Work to be completed:
Return only the lines below starting at the line containing "A piece of soap" and ending at the line containing "Nahaufnahme von Händen, die", both included, exactly as they are and with no pictures.

(Given information begins)

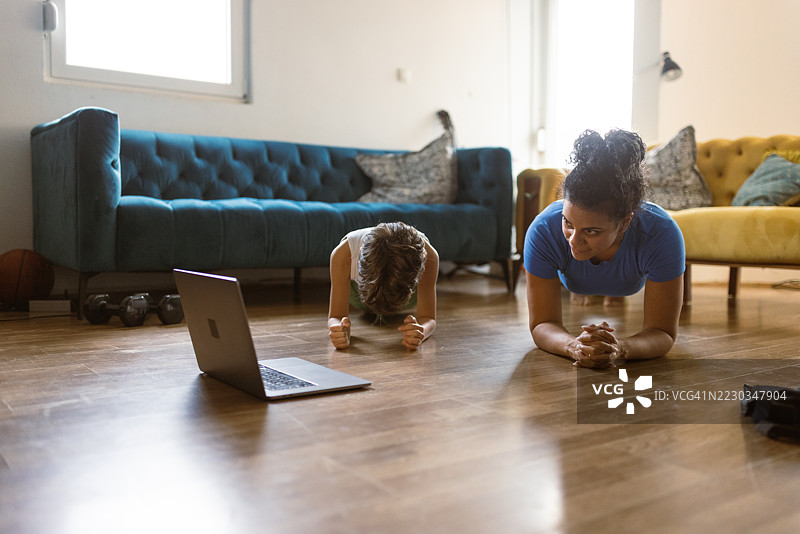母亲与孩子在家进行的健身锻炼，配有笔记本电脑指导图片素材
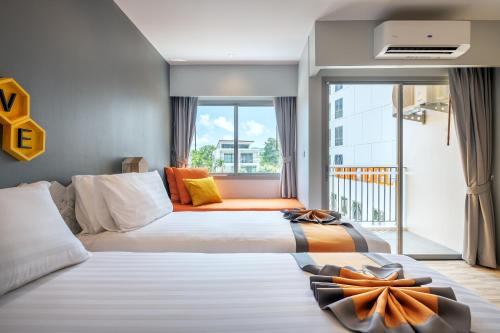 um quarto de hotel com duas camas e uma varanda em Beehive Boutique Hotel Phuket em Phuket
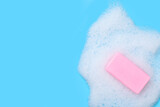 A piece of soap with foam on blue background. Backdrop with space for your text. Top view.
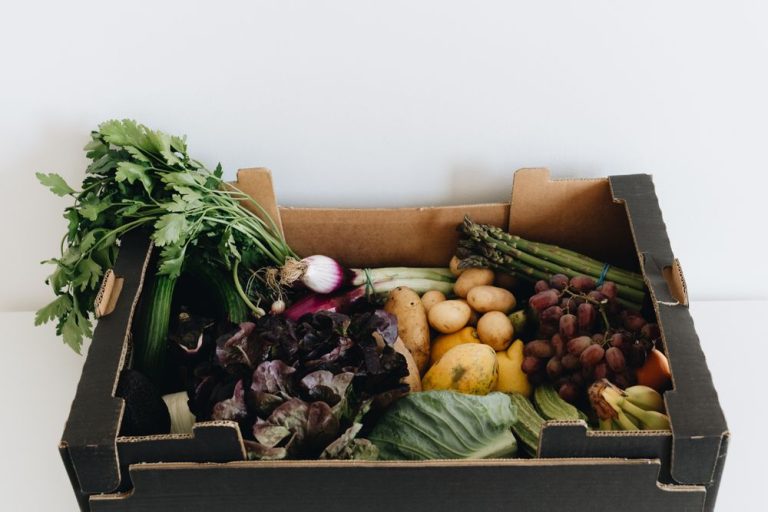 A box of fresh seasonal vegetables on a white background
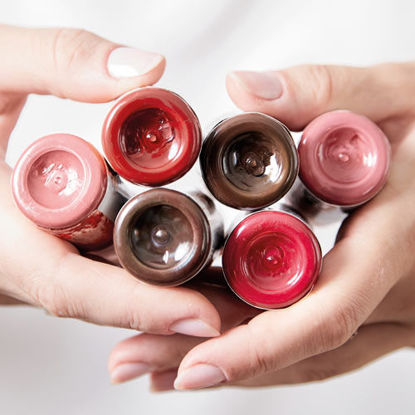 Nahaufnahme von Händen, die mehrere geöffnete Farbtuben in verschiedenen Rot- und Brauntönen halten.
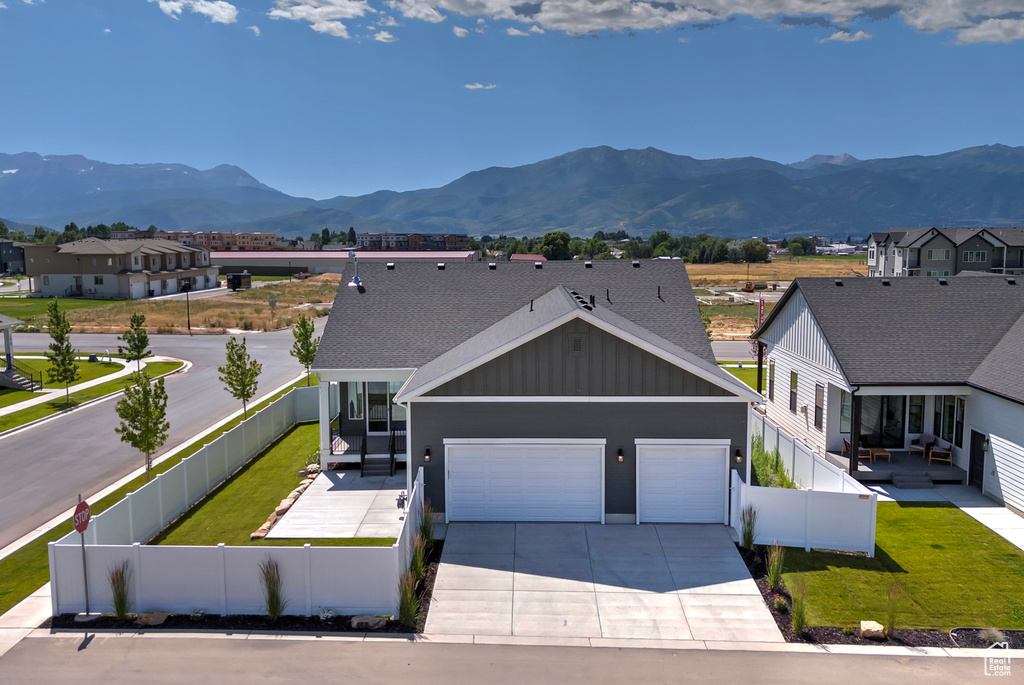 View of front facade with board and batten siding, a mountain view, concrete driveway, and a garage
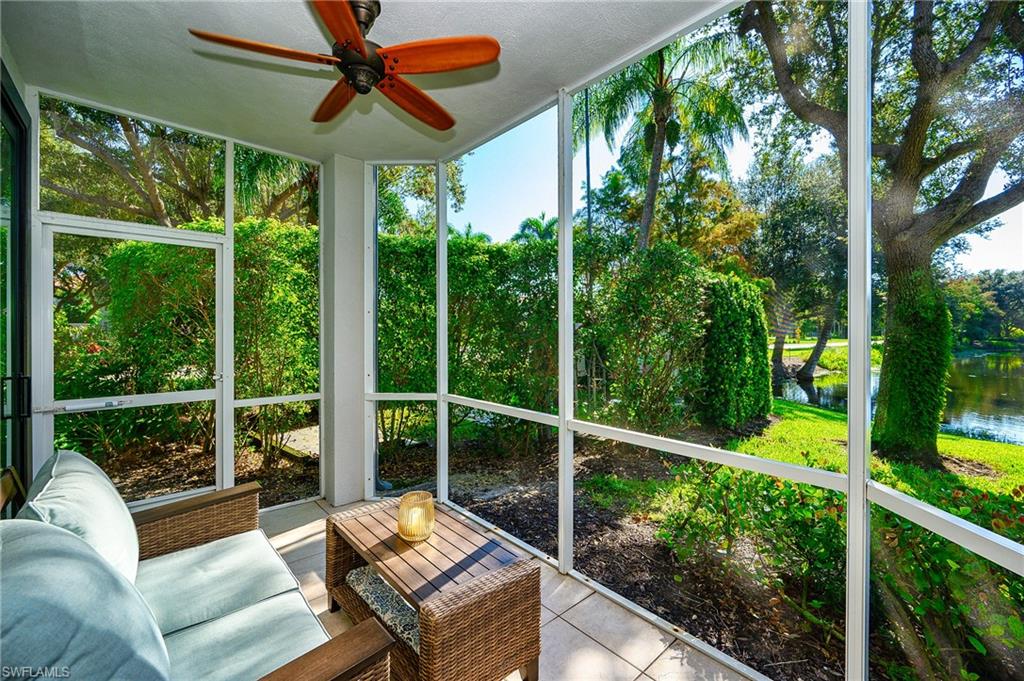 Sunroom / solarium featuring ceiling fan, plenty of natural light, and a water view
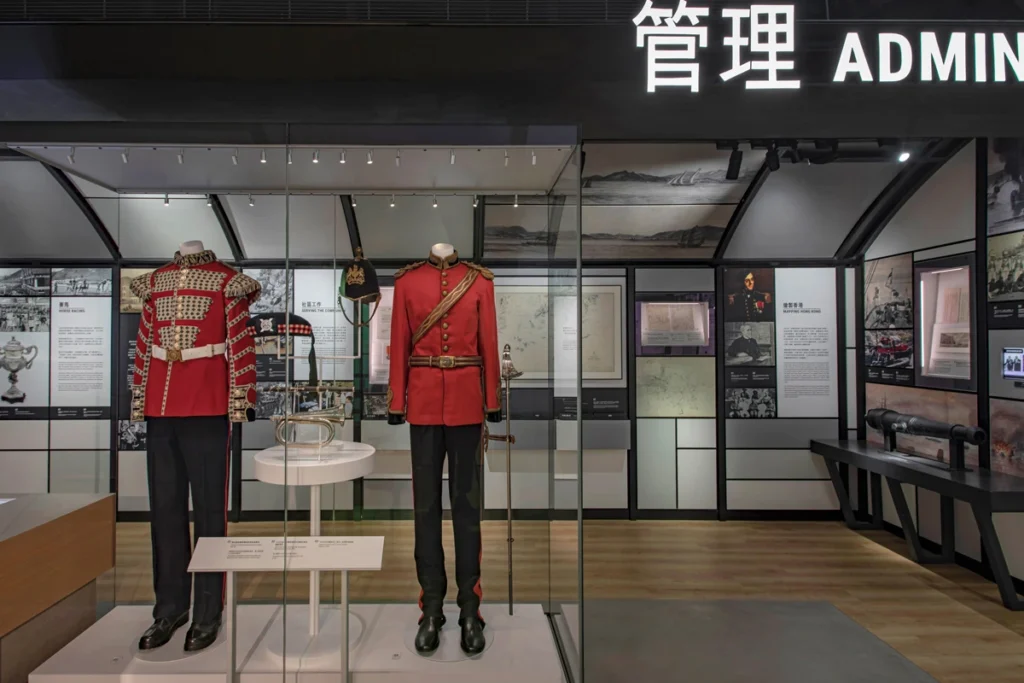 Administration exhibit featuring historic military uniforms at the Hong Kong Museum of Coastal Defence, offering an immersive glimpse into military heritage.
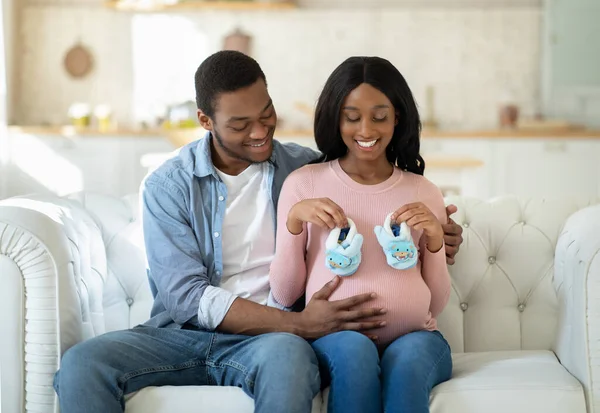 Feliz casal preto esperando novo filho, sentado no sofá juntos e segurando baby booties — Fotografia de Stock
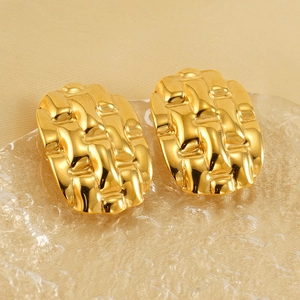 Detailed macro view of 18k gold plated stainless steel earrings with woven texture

(Given information ends)

Exercise output:
 A piece of soap with foam on blue background. Backdrop with space for your text. Top view.
 A box of fresh seasonal vegetables on a white background
 Nahaufnahme von Händen, die mehrere geöffnete Farbtuben in verschiedenen Rot- und Brauntönen halten.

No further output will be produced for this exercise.